NVP: werk niet mee aan vragenlijst ziektever-wekkers vleeskuikens
Deze voorbeeldbrief kan opgevraagd worden bij secretaris Aalt den Herder van de NVP via a.denherder@nvpluimveehouders.nl.
Het RIVM en de NVWA willen weten welke ziekteverwekkers hoe vaak voorkomen bij vleeskuikens en bij mensen die dagelijks in aanraking komen met vleeskuikens. Via een steekproef zijn 200 vleeskuikenbedrijven geselecteerd voor het onderzoek.
Deelname aan het onderzoek naar ziekteverwekkers bij vleeskuikens is verplicht. Vleeskuikenhouders mogen zelf weten of ze deel willen nemen aan het onderzoek naar ziekteverwekkers bij henzelf, hun medewerkers en gezinsleden.
Snappen nut vragenlijst niet
We snappen dat er voor het onderzoek in stallen mest- en stofmonsters verzameld moeten worden en ontlasting en neusswabs bij mensen.

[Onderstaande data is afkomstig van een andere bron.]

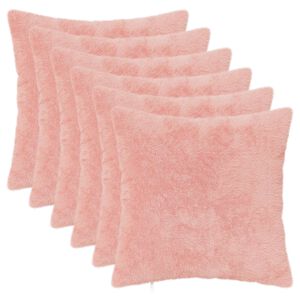 vidaXL Pudebetr&aelig;k 6 stk. HEERLEN Lyser&oslash;d 30 x 30 cm Faux Kanin Pels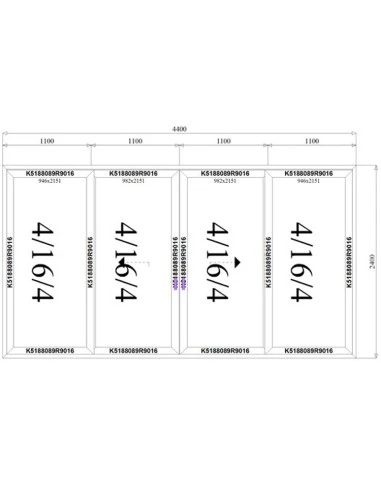 Aluminium Hebe-Schiebetürsystem Terrassentür 4400 x 2400 mm MB-77HS | Bodentiefe Fenster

Maar we snappen niet waarom vleeskuikenhouders een uitgebreide vragenlijst in moeten vullen, licht Den Herder toe.
De NVWA wil per stal onder meer de opzetaantallen, afmetingen, voederconversie, aflevergewichten, afkeur, gebruik van pro- en prebiotica, uitval en de top 3 oorzaken van uitval de laatste 3 ronden weten. Ook wordt gevraagd welk coccidiostaticamiddel ingezet is en of er voeradditieteven gebruikt zijn en zo ja, welke.

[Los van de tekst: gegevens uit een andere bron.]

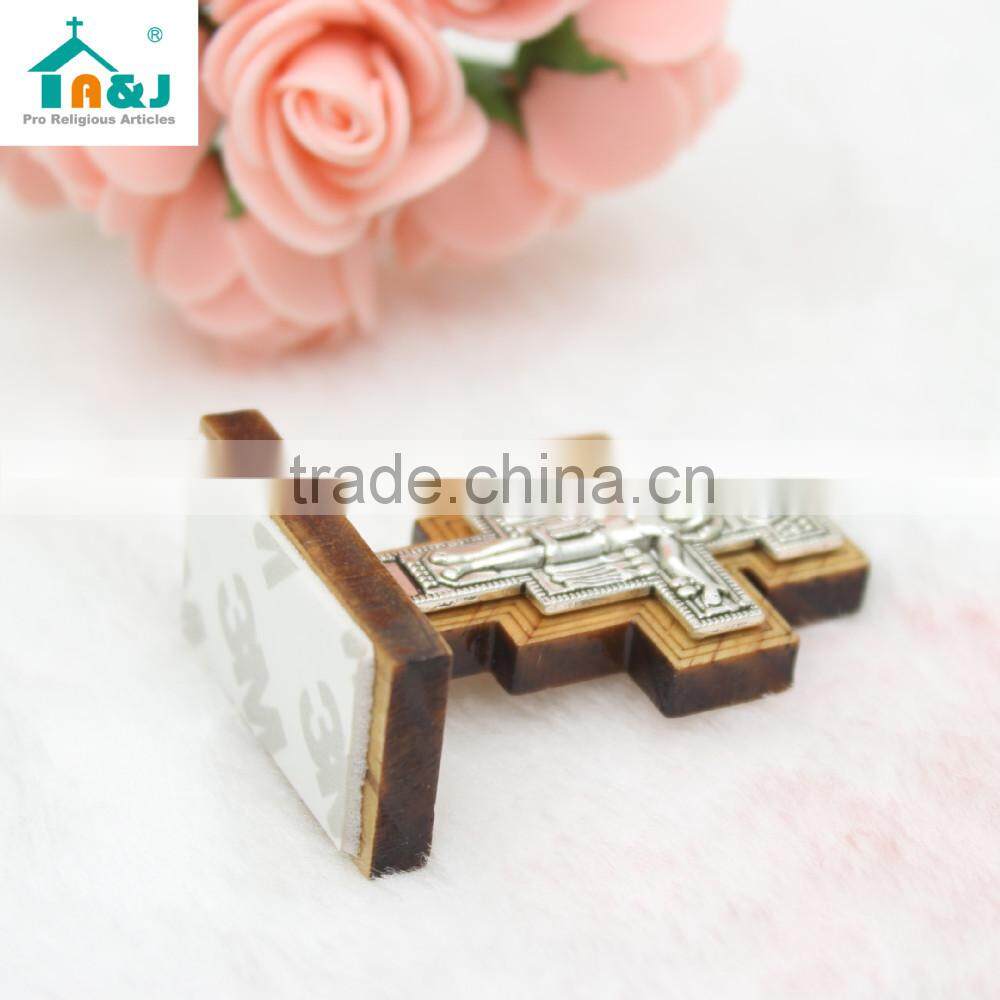 A&J San Damiano Wooden Standing Cross,car stand wooden cross,stand crucifix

Die vragenlijst sluit niet aan bij het doel van het Europese onderzoek naar welke ziekteverwekkers voorkomen bij mensen en dieren en hoe vaak ze voorkomen in dierlijke producten. Daarom doet de vragenlijst, voor zover wij nu kunnen beoordelen, niet ter zake en zal niet verplicht gesteld kunnen worden, zo zegt de NVP secretaris.
Tendentieuze rapporten
Hij zocht al contact met de RIVM-onderzoekers maar kon die tot nu toe nog niet bereiken. Daarom stuurde Den Herder een brief met een aantal vragen naar het RIVM. Zo wil de NVP weten waarop de verplichting om mee te werken aan (delen van) het onderzoek is gebaseerd. De vakbond wil de schriftelijke motivatie zien die deze verplichtingen onderbouwt.

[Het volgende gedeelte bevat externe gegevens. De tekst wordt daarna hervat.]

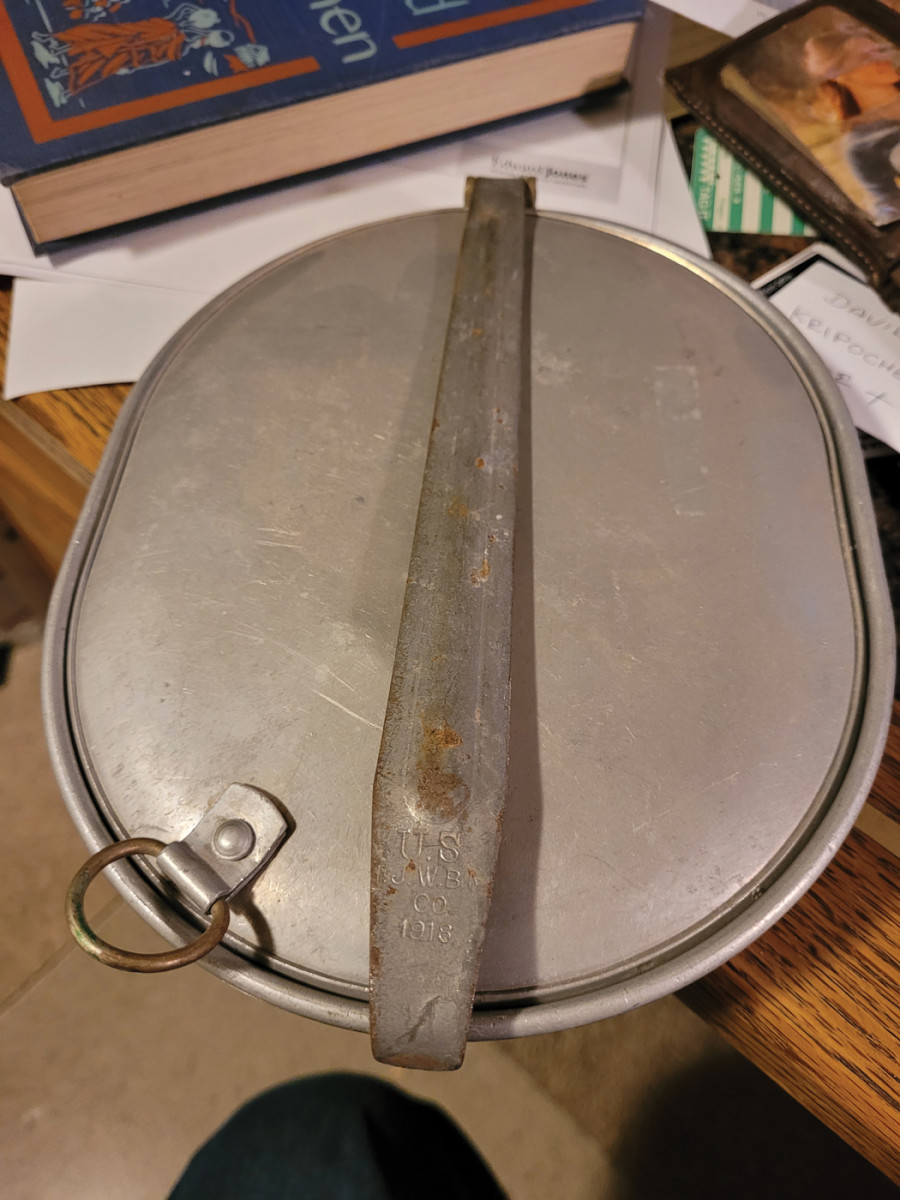 At first, I didn’t think there was anything written on this mess kit. It took diligence and a magnifying glass to reveal the name.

Ook wil de NVP weten welke uitkomsten worden gerapporteerd en aan wie. Helaas maakt de sector mee dat slecht uitgevoerd onderzoek met tendentieuze en slecht onderbouwde rapporten de veehouderij beschadigt en onterecht in een kwaad daglicht stelt, verklaart Den Herder. Is er voorafgaand aan eventuele publicatie overleg met de deelnemende pluimveehouders en hun belangenbehartigers over de uitkomsten om vast te stellen of er consensus is over de conclusies, met ruimte voor externe toetsing (second opinion) als dat gewenst wordt?
We denken graag mee over de opzet van het onderzoek om onjuiste gevolgtrekkingen te voorkomen. Zo is het bijvoorbeeld van groot belang in beeld te brengen welke bronnen (anders dan vleeskuikens) van de genoemde ziekteverwekkers in de omgeving aanwezig zijn, legt de NVP secretaris uit.
Vergoeding voor vleeskuikenhouders
Biosecurity is van het allergrootste belang om insleep van ziektes te voorkomen. Daarom adviseren wij leden ook om niemand in de stal toe te laten tenzij dat absoluut noodzakelijk is. Hoe borgt u deze biosecurity en welke schriftelijke garanties geeft u voor het geval binnen een bepaald tijdsbestek na een bedrijfsbezoek er problemen optreden in de bemonsterde koppels?, vraagt Den Herder het RIVM.
Aangezien deelname aan het onderzoek veel tijd kost wil de NVP ook weten of er een vergoeding wordt uitgekeerd aan de geselecteerde pluimveehouders voor de gevesteerde uren.